Input data: Begin

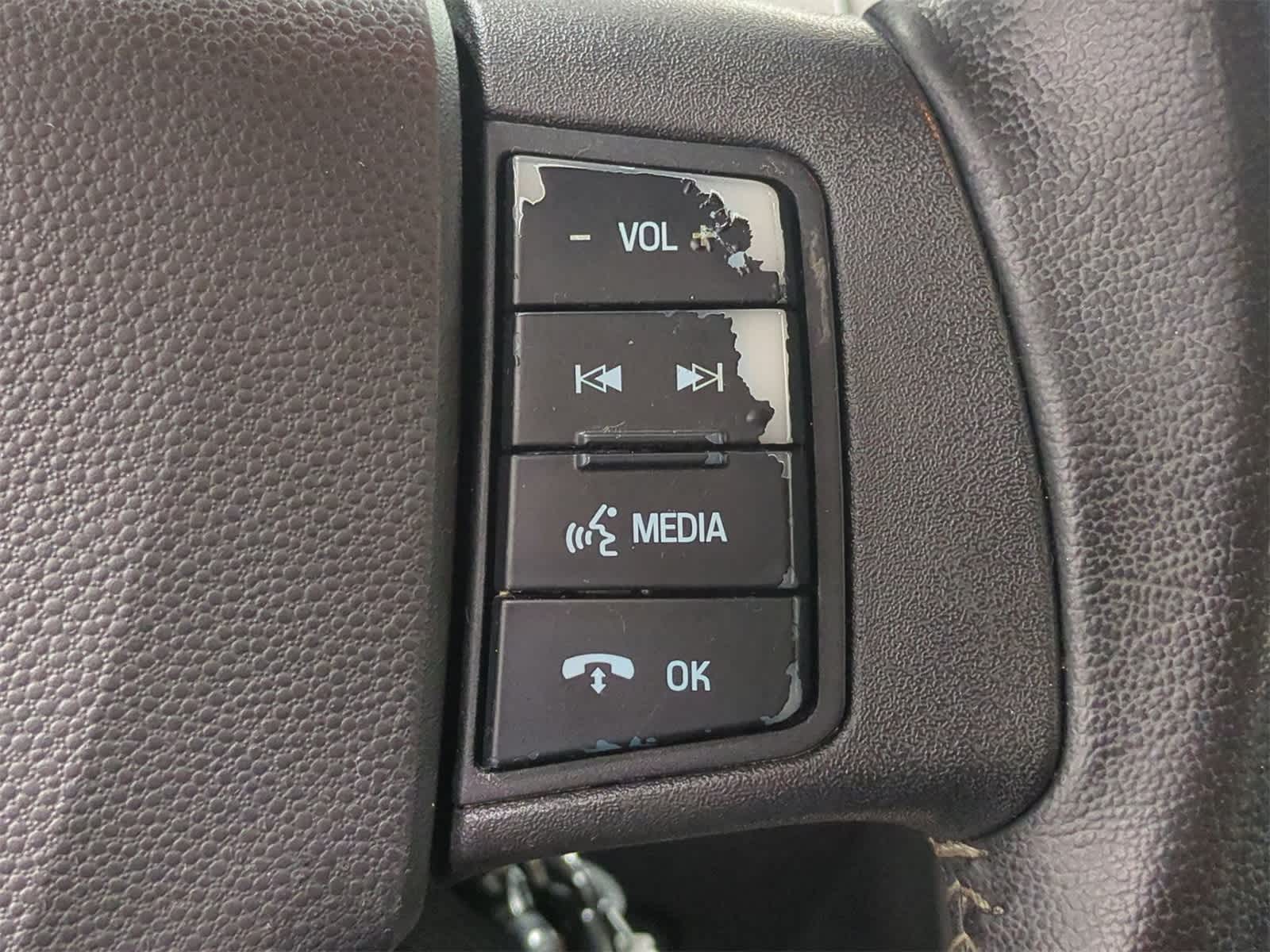 Thumbnail: 2010 Ford Focus - 25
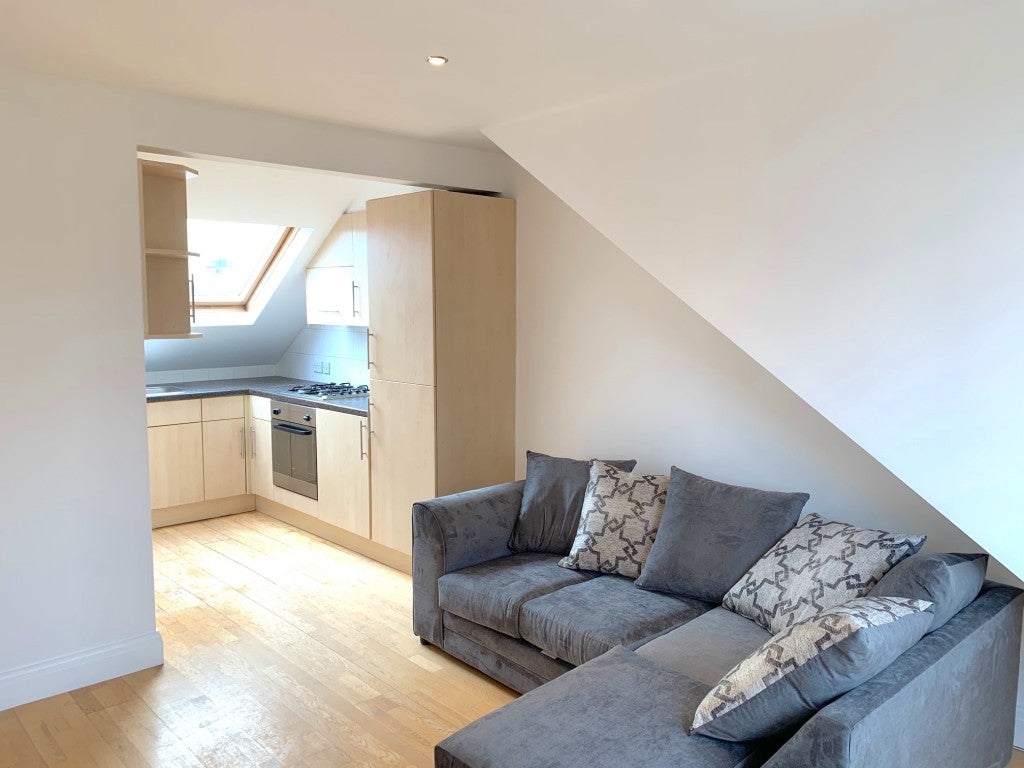 Flat West Avenue in Greater London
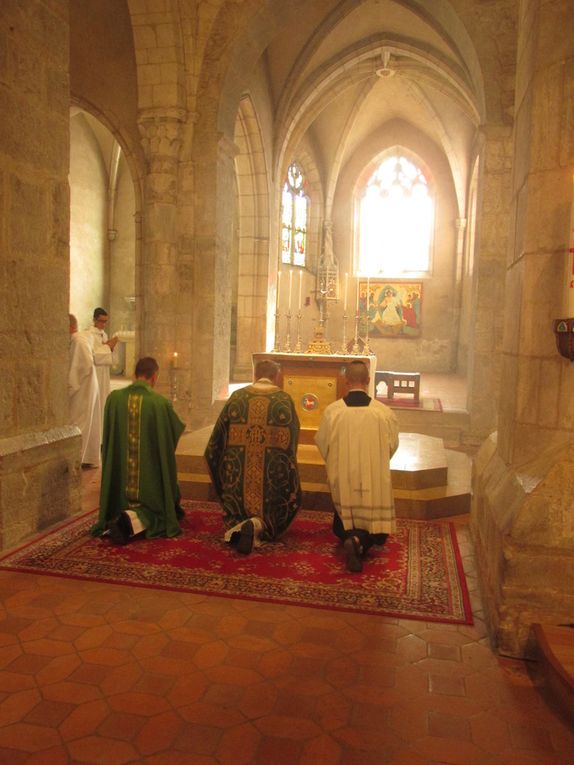                   Première messe à Villars de M. l’abbé Henri LAROCHE, ordonné en la cathédrale St Louis de Versailles le 24 juin. 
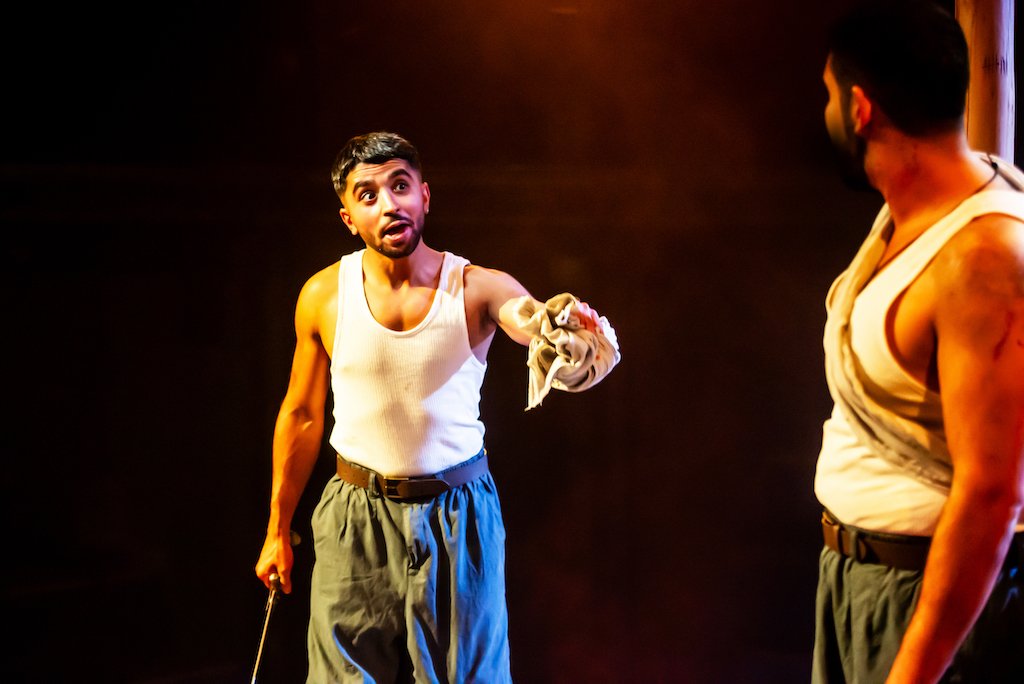The Reviews Hub (@thereviewshub) on Twitter photo #THEATRE #REVIEW Guards at the Taj <a href="/OrangeTreeThtr/">Orange Tree Theatre</a> 'vivid portrayals secure Babur and Humayun’s place in the pantheon of side characters who take their place in the spotlight' ⭐️⭐️⭐️⭐️ thereviewshub.com/guards-at-the-…… #London #THEATRE #REVIEW Guards at the Taj <a href="/OrangeTreeThtr/">Orange Tree Theatre</a> 'vivid portrayals secure Babur and Humayun’s place in the pantheon of side characters who take their place in the spotlight' ⭐️⭐️⭐️⭐️ thereviewshub.com/guards-at-the-…… #London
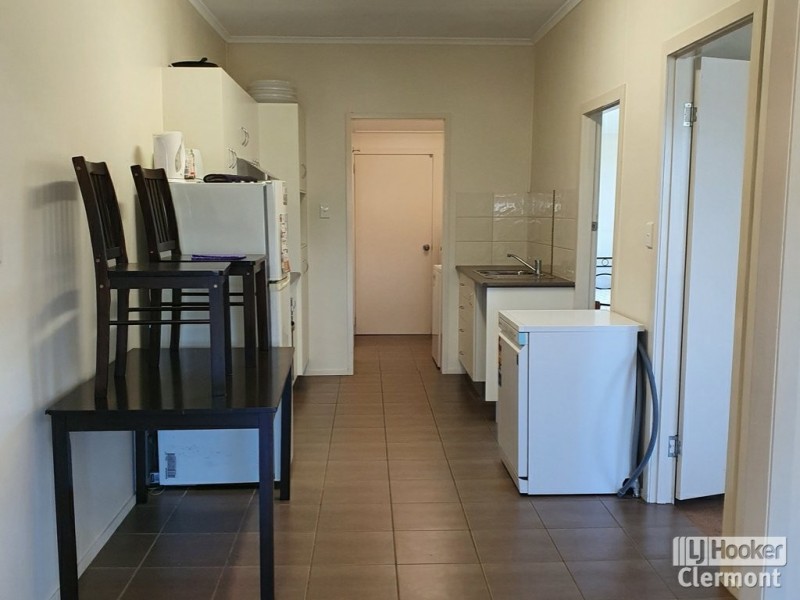 Unit 3/6 East Lane, Clermont QLD 4721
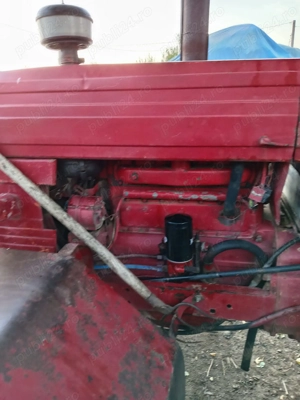 Vând tractor U650 cu următoarele 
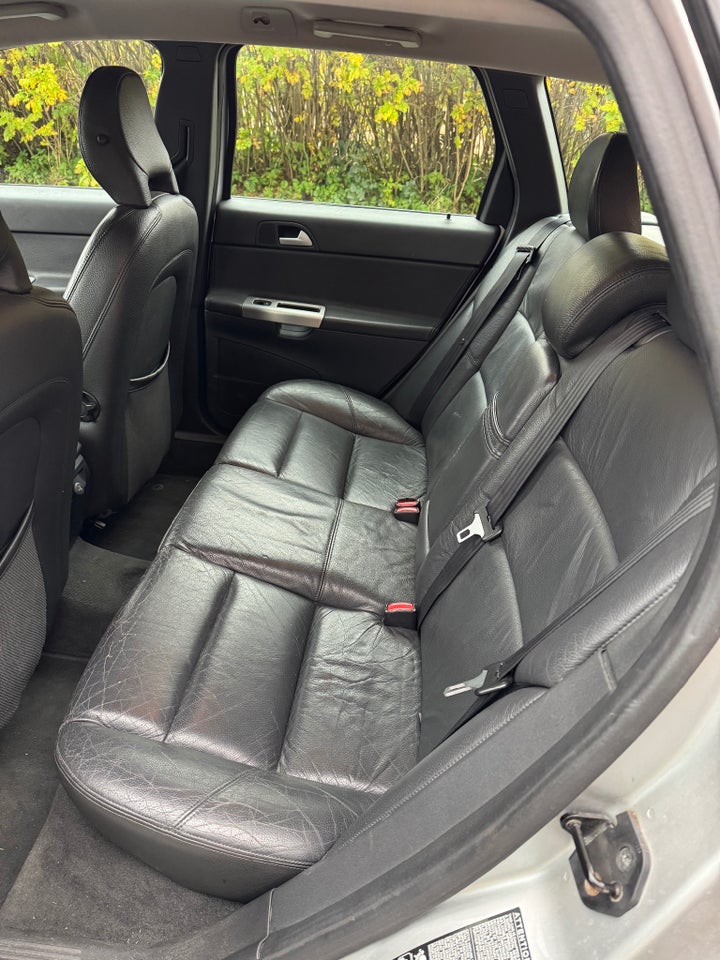 Volvo V50 2,5 T5 Momentum 5d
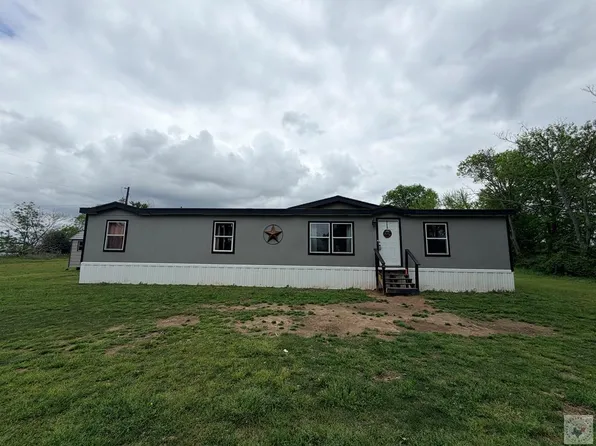 430 County Road 3402, De Kalb, TX 75559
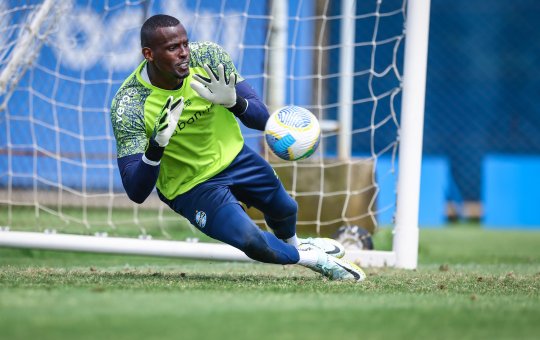 Goleiro ex-Vitória se pronuncia após suposta agressão contra criança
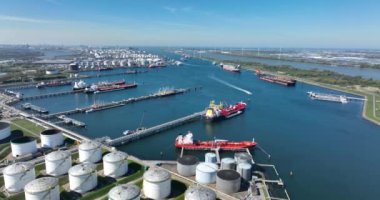 Rotterdam, 18 Nisan 2022, Hollanda 'da. Kimyasal petrol ürünleri tanker gemileri ve siloları. Rotterdam 'daki büyük sanayi limanı..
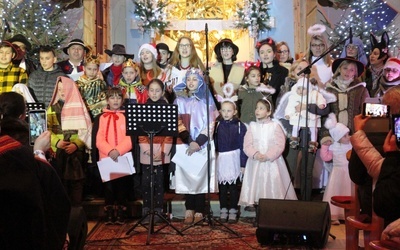 Rodzinna schola "Solo Dios basta" z Pisarzowic w kamesznickim kościele.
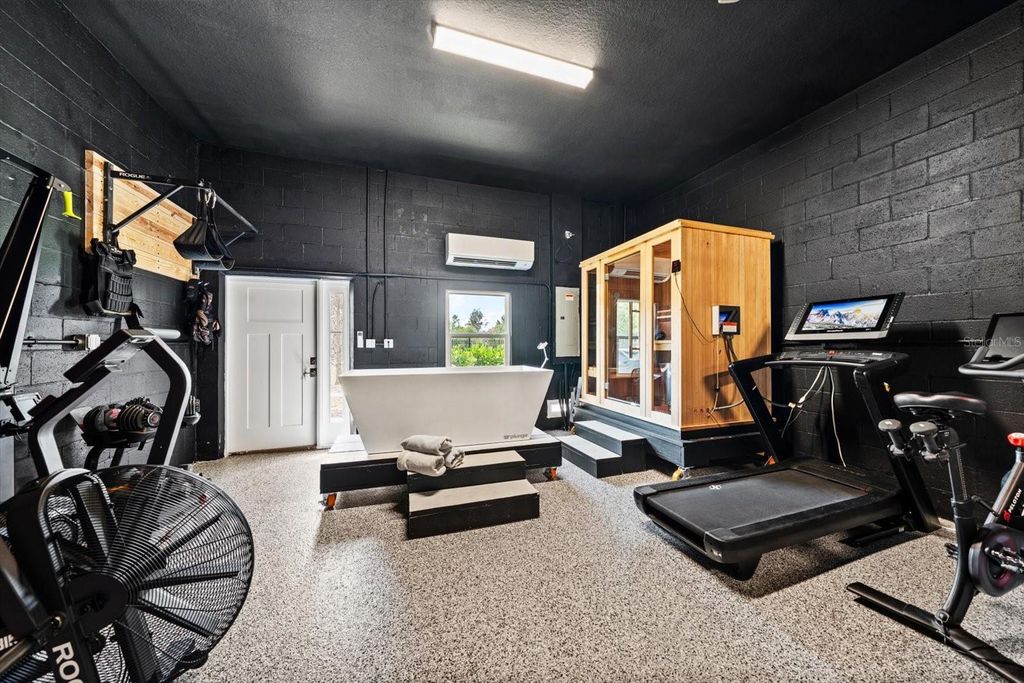 Image 9 of property listing at 1297 SAVONA DRIVE NE, St Petersburg, FL 33702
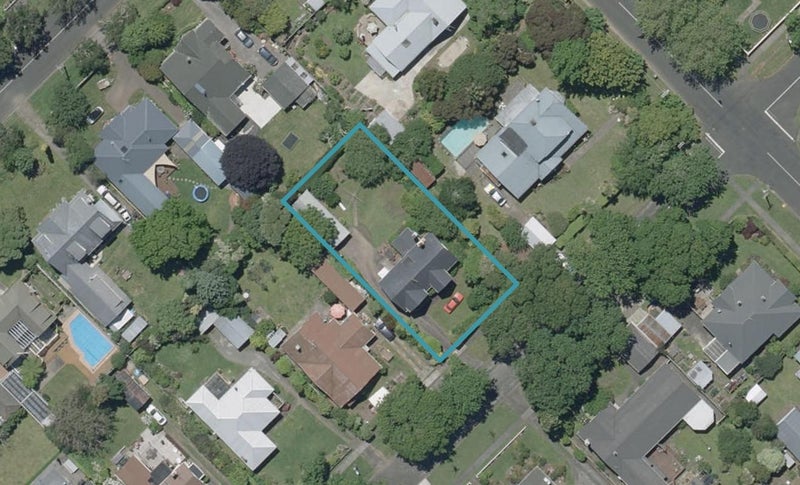 6 Tarata Street, Saint Johns Hill, Whanganui - Carousel 1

Input data: End

■ **What you should do**:
Return each entry exactly as given. Leave the images out.

■ **Reply**:
 Thumbnail: 2010 Ford Focus - 25
 Flat West Avenue in Greater London
                   Première messe à Villars de M. l’abbé Henri LAROCHE, ordonné en la cathédrale St Louis de Versailles le 24 juin. 
The Reviews Hub (@thereviewshub) on Twitter photo #THEATRE #REVIEW Guards at the Taj <a href="/OrangeTreeThtr/">Orange Tree Theatre</a> 'vivid portrayals secure Babur and Humayun’s place in the pantheon of side characters who take their place in the spotlight' ⭐️⭐️⭐️⭐️ thereviewshub.com/guards-at-the-…… #London #THEATRE #REVIEW Guards at the Taj <a href="/OrangeTreeThtr/">Orange Tree Theatre</a> 'vivid portrayals secure Babur and Humayun’s place in the pantheon of side characters who take their place in the spotlight' ⭐️⭐️⭐️⭐️ thereviewshub.com/guards-at-the-…… #London
 Unit 3/6 East Lane, Clermont QLD 4721
 Vând tractor U650 cu următoarele 
 Volvo V50 2,5 T5 Momentum 5d
 430 County Road 3402, De Kalb, TX 75559
 Goleiro ex-Vitória se pronuncia após suposta agressão contra criança
 Rotterdam, 18 Nisan 2022, Hollanda 'da. Kimyasal petrol ürünleri tanker gemileri ve siloları. Rotterdam 'daki büyük sanayi limanı..
 Rodzinna schola "Solo Dios basta" z Pisarzowic w kamesznickim kościele.
 Image 9 of property listing at 1297 SAVONA DRIVE NE, St Petersburg, FL 33702
 6 Tarata Street, Saint Johns Hill, Whanganui - Carousel 1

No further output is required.